EXERCISE INSTRUCTIONS: Only the lines from the one with "Obituary information for Therese C. Rogers" to the end of the listing below should be set down, exactly as written and without any pictures.

DATA SHOWN:
━━━━━━━━━━

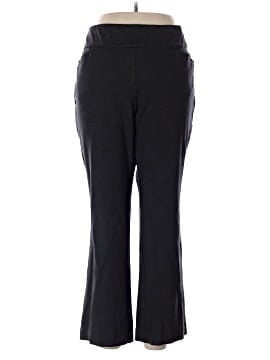 Express Active Pants (view 1)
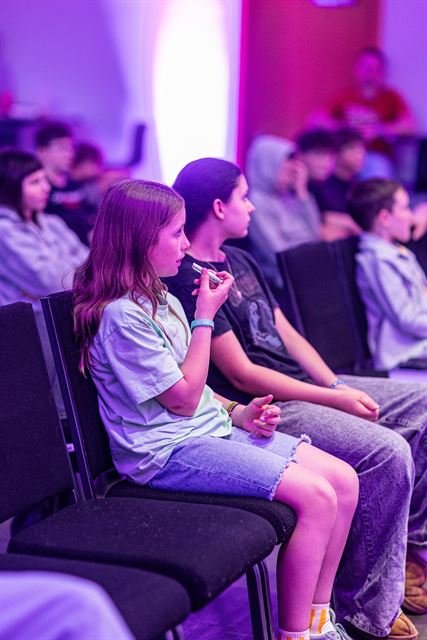 Teens Services — photo 32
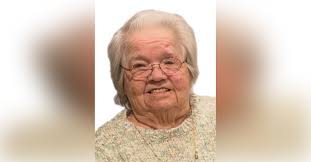 Obituary information for Therese C. Rogers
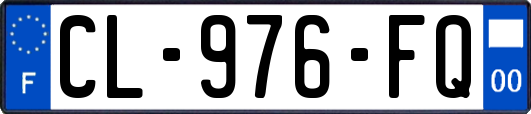 CL-976-FQ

━━━━━━━━━━

ANSWER BOX:
 Obituary information for Therese C. Rogers
 CL-976-FQ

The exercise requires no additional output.